### Exercise brief
Starting from the line with "President Joe Biden" and going up to and including the line with "Cotton Enamor A042", copy the listing below exactly. Leave all images out.

### Entries supplied

· · · · ·

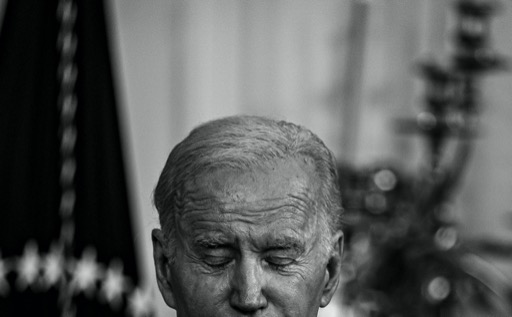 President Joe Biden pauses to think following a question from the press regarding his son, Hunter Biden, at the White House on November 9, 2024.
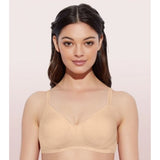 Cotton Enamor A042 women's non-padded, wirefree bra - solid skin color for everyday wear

· · · · ·

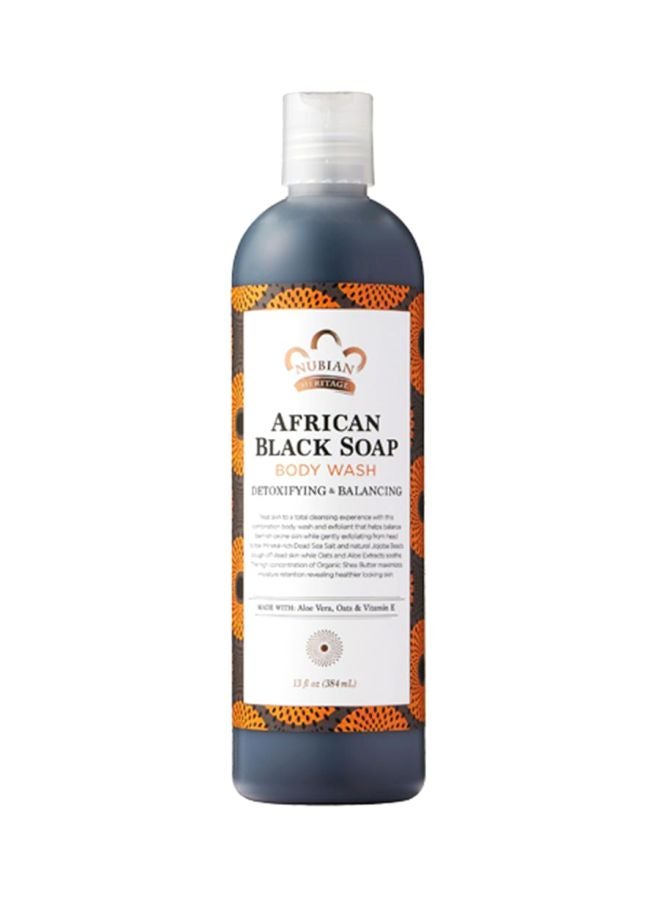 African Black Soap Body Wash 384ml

· · · · ·

### Output of the task
 President Joe Biden pauses to think following a question from the press regarding his son, Hunter Biden, at the White House on November 9, 2024.
 Cotton Enamor A042 women's non-padded, wirefree bra - solid skin color for everyday wear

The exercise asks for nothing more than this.